Zhang Xiaoyu
bioRxiv. 2024 May 5:2024.05.02.592266. doi: 10.1101/2024.05.02.592266.
RNA sequencing (RNA-seq) has become a cornerstone in transcriptomics, offering detailed insights into gene expression across diverse biological conditions and sample types. However, RNA-seq data often suffer from batch effects, which are systematic non-biological differences that compromise data reliability and obscure true biological variation. To address these challenges, we introduce ComBat-ref, a refined method of batch effect correction that enhances the statistical power and reliability of differential expression analysis in RNA-seq data. Building on the foundations of ComBat-seq, ComBat-ref employs a negative binomial model to adjust count data but innovates by using a pooled dispersion parameter for entire batches and preserving count data for the reference batch. Our method demonstrated superior performance in both simulated environments and real datasets, such as the growth factor receptor network (GFRN) data and NASA GeneLab transcriptomic datasets, significantly improving sensitivity and specificity over existing methods. By effectively mitigating batch effects while maintaining high detection power, ComBat-ref proves to be a robust tool for enhancing the accuracy and interpretability of RNA-seq data analyses.

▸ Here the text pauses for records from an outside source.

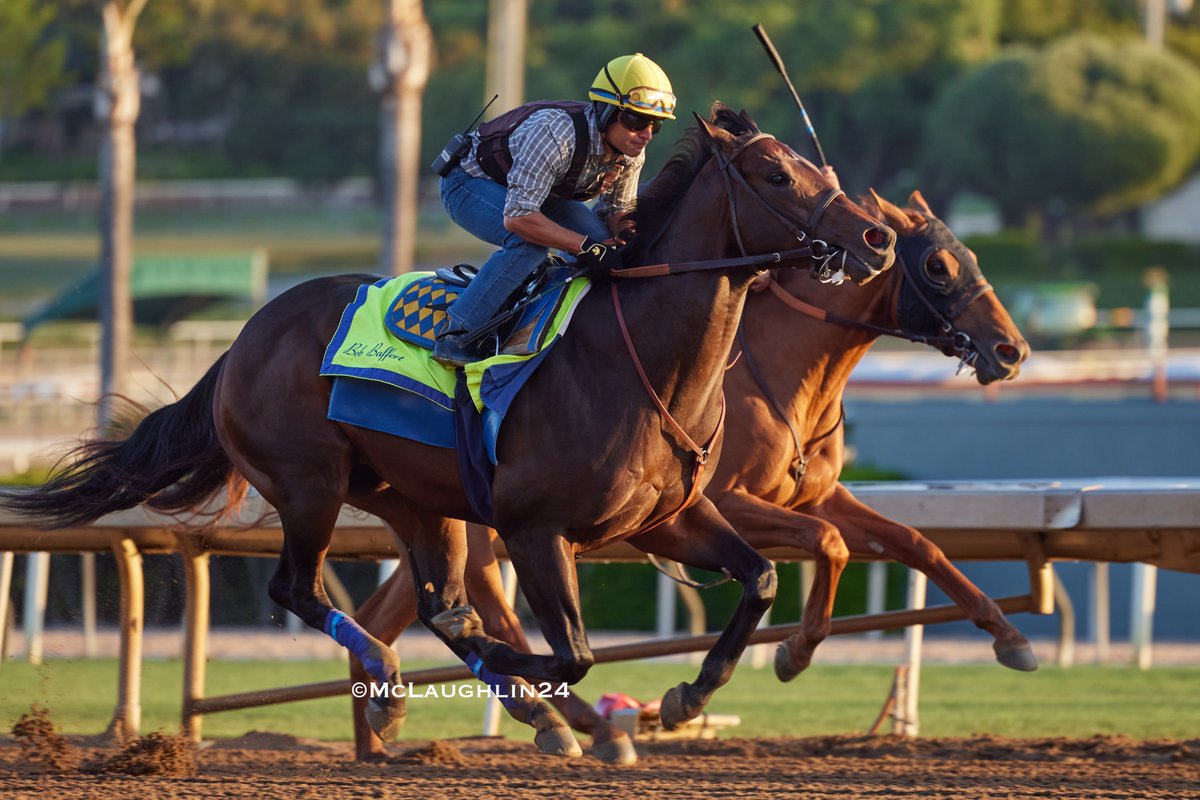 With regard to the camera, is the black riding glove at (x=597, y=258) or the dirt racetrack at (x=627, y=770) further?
the dirt racetrack at (x=627, y=770)

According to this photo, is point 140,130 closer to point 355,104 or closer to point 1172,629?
point 355,104

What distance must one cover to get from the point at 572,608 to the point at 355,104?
113 feet

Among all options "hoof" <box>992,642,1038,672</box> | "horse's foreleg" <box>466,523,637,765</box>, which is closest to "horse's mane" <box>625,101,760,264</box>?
"horse's foreleg" <box>466,523,637,765</box>

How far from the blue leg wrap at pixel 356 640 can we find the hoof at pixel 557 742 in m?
0.50

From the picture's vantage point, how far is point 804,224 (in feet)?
14.1

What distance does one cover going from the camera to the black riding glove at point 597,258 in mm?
4586

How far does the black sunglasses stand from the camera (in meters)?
4.58

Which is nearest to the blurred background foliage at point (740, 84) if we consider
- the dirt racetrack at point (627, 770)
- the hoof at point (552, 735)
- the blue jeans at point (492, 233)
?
the dirt racetrack at point (627, 770)

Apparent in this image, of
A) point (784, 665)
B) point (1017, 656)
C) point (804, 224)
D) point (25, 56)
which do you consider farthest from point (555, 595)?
point (25, 56)

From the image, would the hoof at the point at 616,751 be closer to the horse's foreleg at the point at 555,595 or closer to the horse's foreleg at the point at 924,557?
the horse's foreleg at the point at 555,595

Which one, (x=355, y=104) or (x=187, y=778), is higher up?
(x=355, y=104)

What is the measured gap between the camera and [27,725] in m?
5.80

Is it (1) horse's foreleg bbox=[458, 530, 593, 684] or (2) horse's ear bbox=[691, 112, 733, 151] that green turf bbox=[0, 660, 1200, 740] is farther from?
(2) horse's ear bbox=[691, 112, 733, 151]

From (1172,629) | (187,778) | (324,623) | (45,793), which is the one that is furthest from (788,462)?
(1172,629) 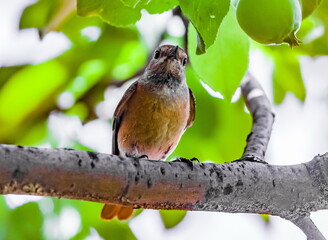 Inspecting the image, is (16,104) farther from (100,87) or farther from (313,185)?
(313,185)

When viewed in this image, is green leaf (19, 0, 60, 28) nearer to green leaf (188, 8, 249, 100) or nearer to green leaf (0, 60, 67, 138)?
green leaf (0, 60, 67, 138)

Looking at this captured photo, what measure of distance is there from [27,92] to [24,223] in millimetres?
462

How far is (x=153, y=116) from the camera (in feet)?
7.88

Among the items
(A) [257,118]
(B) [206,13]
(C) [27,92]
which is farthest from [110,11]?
(C) [27,92]

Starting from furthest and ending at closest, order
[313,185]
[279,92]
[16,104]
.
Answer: [279,92] → [16,104] → [313,185]

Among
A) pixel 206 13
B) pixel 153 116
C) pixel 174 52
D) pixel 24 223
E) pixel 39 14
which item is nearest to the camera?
pixel 206 13

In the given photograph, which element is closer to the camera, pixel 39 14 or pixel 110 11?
pixel 110 11

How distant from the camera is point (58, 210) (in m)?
2.25

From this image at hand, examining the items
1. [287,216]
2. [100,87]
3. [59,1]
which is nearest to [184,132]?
[100,87]

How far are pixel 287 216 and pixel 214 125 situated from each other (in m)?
0.84

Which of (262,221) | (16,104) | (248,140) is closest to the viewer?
(248,140)

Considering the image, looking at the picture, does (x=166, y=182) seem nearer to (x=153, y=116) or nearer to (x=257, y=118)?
(x=257, y=118)

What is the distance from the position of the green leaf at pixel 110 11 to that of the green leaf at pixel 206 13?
182 millimetres

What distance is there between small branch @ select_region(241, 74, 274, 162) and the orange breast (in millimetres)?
281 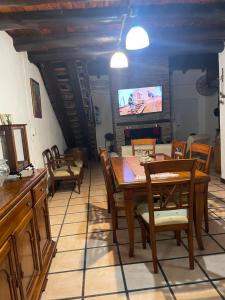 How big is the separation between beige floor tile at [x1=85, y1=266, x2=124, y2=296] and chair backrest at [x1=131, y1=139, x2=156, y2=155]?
7.55ft

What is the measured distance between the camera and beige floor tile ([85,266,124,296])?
6.48 feet

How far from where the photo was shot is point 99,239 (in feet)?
9.16

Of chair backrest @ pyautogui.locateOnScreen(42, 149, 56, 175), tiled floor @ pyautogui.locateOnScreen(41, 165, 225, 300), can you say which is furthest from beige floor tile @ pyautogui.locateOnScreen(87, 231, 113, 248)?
chair backrest @ pyautogui.locateOnScreen(42, 149, 56, 175)

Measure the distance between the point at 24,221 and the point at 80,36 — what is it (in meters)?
2.81

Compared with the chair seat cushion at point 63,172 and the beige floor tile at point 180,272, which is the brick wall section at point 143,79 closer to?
the chair seat cushion at point 63,172

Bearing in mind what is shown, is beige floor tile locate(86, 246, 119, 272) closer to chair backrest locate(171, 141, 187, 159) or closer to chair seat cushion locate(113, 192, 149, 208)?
chair seat cushion locate(113, 192, 149, 208)

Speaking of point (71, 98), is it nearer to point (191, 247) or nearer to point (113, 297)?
point (191, 247)

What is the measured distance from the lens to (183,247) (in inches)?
98.1

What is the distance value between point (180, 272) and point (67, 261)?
3.25 ft

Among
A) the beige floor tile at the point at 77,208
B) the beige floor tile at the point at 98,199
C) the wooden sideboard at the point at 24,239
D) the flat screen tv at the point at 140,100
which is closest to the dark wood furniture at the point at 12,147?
the wooden sideboard at the point at 24,239

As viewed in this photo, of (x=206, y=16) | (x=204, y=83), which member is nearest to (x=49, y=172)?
(x=206, y=16)

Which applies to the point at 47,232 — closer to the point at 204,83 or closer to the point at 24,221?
the point at 24,221

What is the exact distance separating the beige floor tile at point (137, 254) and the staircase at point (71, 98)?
10.3 feet

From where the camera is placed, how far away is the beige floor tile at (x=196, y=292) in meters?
1.82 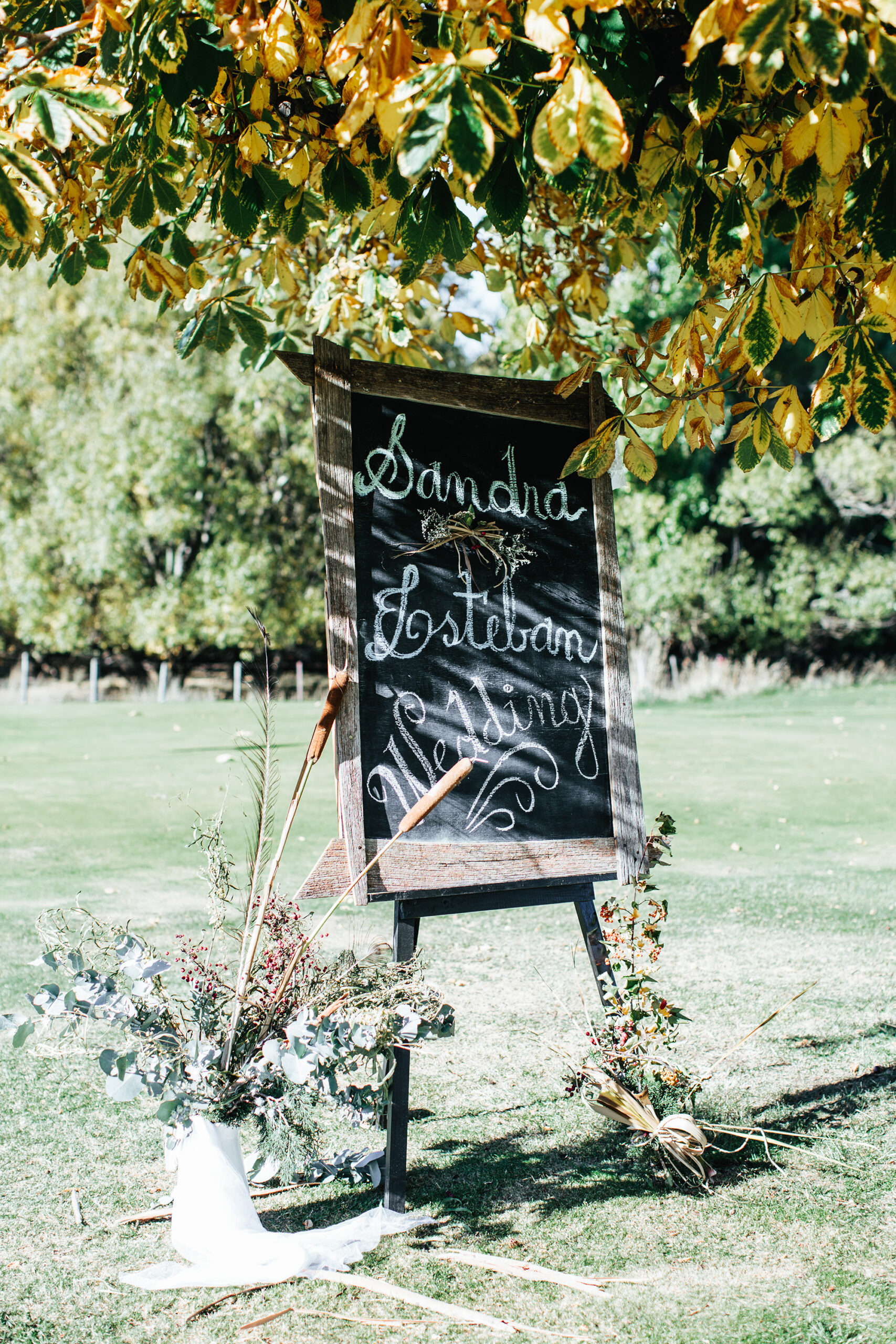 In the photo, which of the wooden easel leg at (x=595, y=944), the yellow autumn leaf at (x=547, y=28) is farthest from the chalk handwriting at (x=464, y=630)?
the yellow autumn leaf at (x=547, y=28)

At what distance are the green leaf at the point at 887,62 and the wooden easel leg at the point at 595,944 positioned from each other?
2.27 meters

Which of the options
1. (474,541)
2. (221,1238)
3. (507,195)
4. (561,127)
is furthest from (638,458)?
(221,1238)

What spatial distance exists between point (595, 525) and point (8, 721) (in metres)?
18.4

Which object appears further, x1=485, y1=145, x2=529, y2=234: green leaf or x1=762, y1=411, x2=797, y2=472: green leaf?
x1=762, y1=411, x2=797, y2=472: green leaf

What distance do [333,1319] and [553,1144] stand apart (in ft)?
3.81

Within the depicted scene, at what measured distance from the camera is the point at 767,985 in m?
5.20

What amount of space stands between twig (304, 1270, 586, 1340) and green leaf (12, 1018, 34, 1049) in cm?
92

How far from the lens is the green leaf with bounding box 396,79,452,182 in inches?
74.4

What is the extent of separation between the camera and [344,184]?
3.23m

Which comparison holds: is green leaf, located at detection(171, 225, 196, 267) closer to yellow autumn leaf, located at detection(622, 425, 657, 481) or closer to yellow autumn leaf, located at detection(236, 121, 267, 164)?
yellow autumn leaf, located at detection(236, 121, 267, 164)

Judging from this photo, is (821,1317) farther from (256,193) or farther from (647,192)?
(256,193)

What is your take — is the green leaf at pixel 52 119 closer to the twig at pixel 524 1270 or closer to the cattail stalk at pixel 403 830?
the cattail stalk at pixel 403 830

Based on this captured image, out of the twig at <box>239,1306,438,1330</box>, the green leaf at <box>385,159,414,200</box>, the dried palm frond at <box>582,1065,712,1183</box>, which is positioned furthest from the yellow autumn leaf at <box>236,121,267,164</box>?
the twig at <box>239,1306,438,1330</box>

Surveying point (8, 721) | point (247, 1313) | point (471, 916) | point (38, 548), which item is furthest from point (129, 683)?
point (247, 1313) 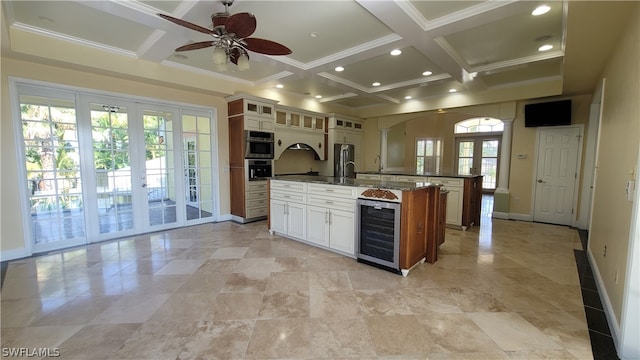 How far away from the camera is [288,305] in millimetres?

RNA测序(RNA-seq)已成为转录组学的基石,能深入洞察不同生物条件和样本类型下的基因表达情况。然而,RNA-seq数据常常受到批次效应的影响,这些效应是系统性的非生物学差异,会损害数据可靠性并掩盖真实的生物学变异。为应对这些挑战,我们引入了ComBat-ref,这是一种经过改进的批次效应校正方法,可增强RNA-seq数据中差异表达分析的统计功效和可靠性。基于ComBat-seq的基础,ComBat-ref采用负二项式模型来调整计数数据,但通过为整个批次使用合并的离散参数并保留参考批次的计数数据进行创新。我们的方法在模拟环境和真实数据集(如生长因子受体网络(GFRN)数据和美国国家航空航天局基因实验室转录组数据集)中均表现出卓越性能,与现有方法相比,显著提高了灵敏度和特异性。通过有效减轻批次效应同时保持高检测能力,ComBat-ref被证明是增强RNA-seq数据分析准确性和可解释性的强大工具。